──────── INFORMATION SUPPLIED

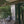 Load image into Gallery viewer, SALTY FEET: PASSEGGIATE ROMANE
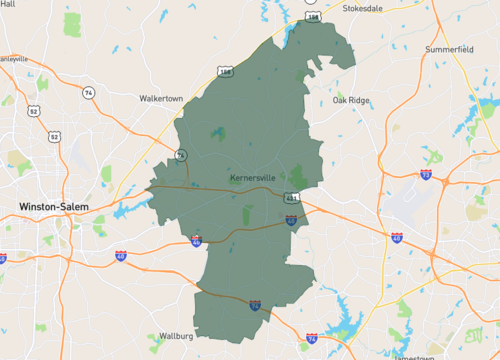 kernersville.png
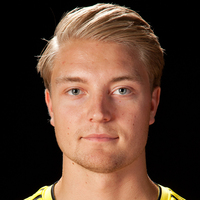 Sebastian Nielsen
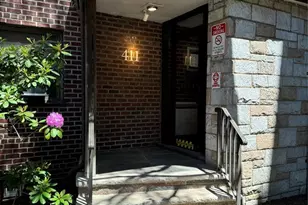 411 Park 2J, Fort Lee, NJ 07024 - Photo 8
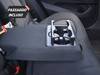 BMW X1 16d sdrive business advantage steptronic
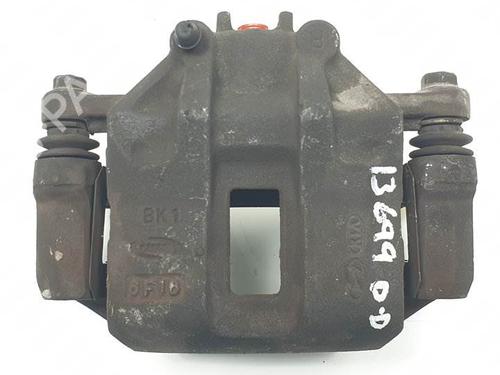 Used Right front brake caliper Right front brake caliper 16835667 16835667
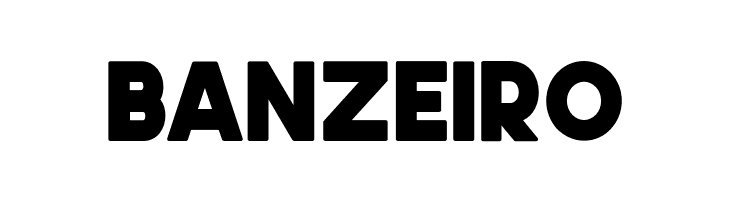 Gila Bold  Free Fonts Download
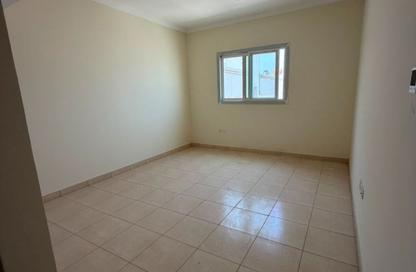 Apartment - 1 Bedroom - 1 Bathroom for rent in Al Qulaya'ah - Al Sharq - Sharjah Apartment - 1 Bedroom - 1 Bathroom for rent in Al Qulaya'ah - Al Sharq - Sharjah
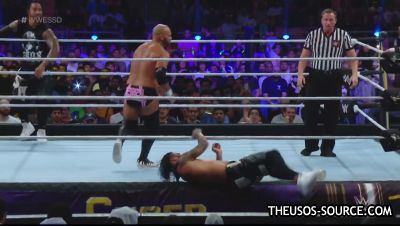 WWESSD_mp40655.jpg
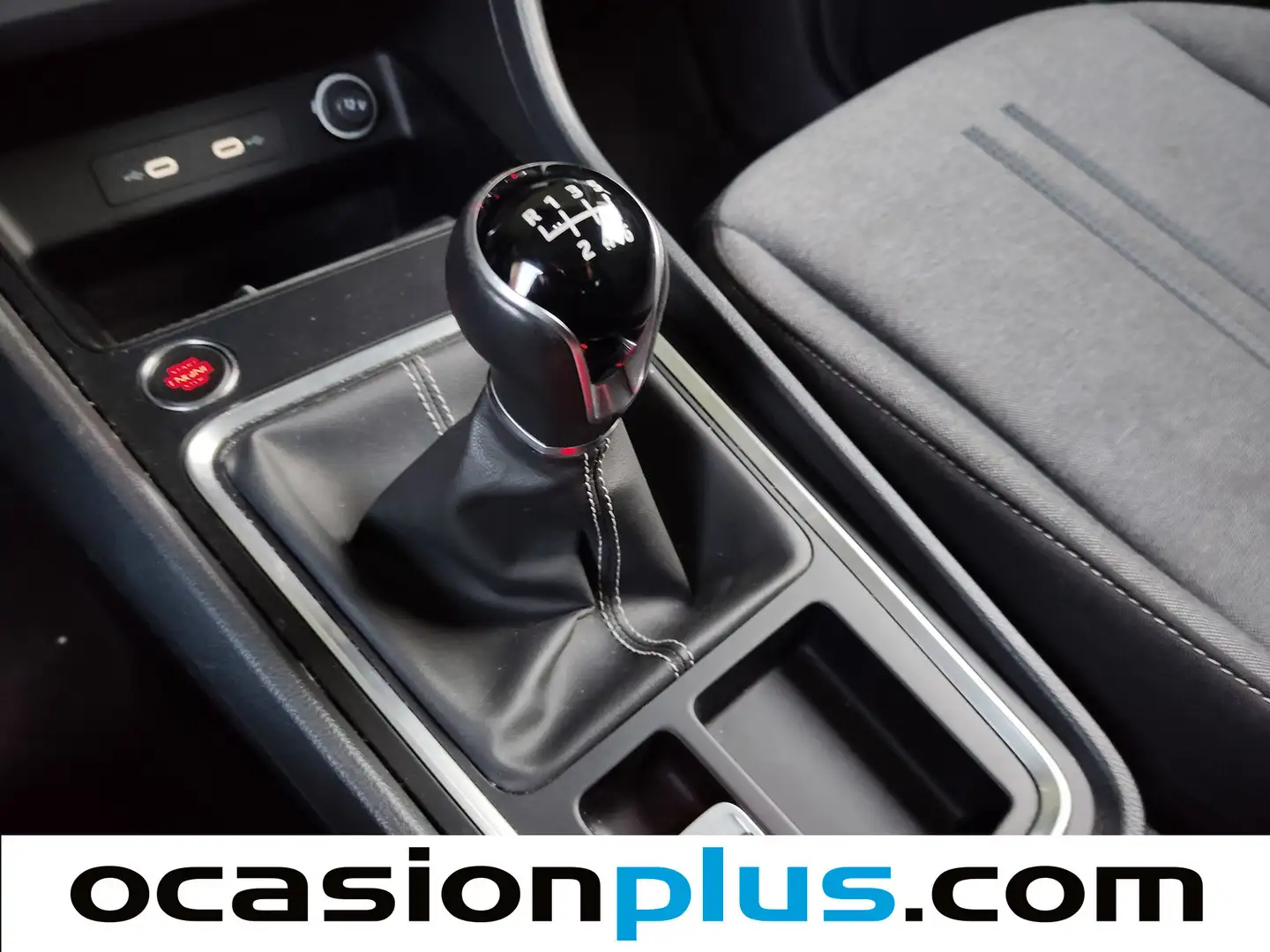 Foto Seat Ateca SEAT Ateca 1.5 TSI S&S Style XL (150 CV)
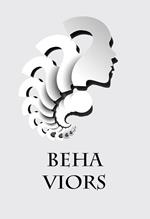 Behaviors
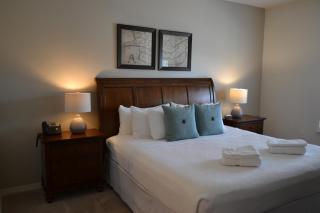 Comfortable House Near Disney - Kissimmee - 1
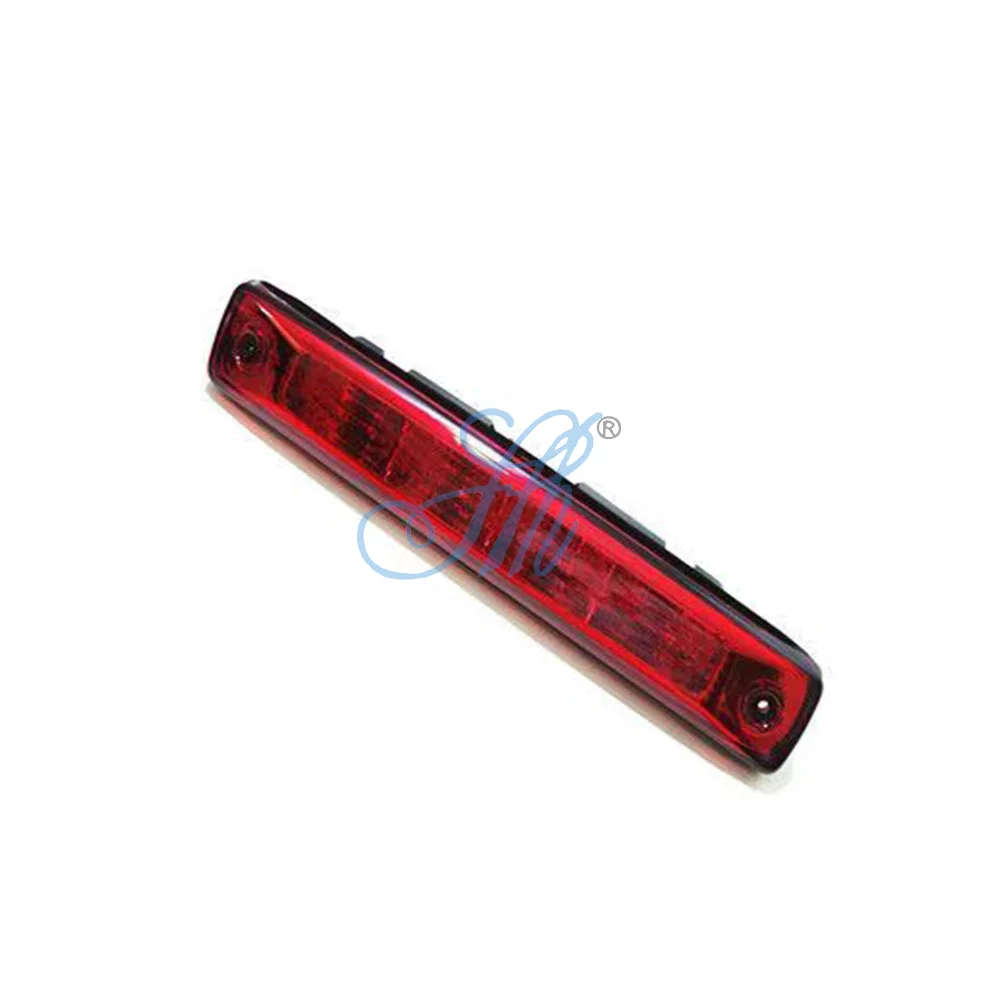 Factory price Red Color High Mounted Stop Lamp LED ISUZU D-MAX TFR 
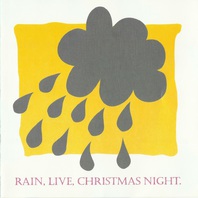 Live, Christmas Night (Vinyl) Mp3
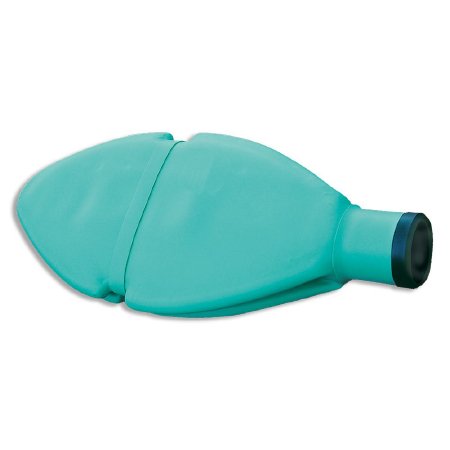 Picture of LUNG TEST, LF GRN LG D/S4-0050-10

────────────────

» HOW TO COMPLETE THIS TASK
Set down exactly, from the line that contains "Live, Christmas Night (Vinyl) Mp3" through the last line of the data, each line as it stands, and leave the pictures out.

» RESPONSE
 Live, Christmas Night (Vinyl) Mp3
 Picture of LUNG TEST, LF GRN LG D/S4-0050-10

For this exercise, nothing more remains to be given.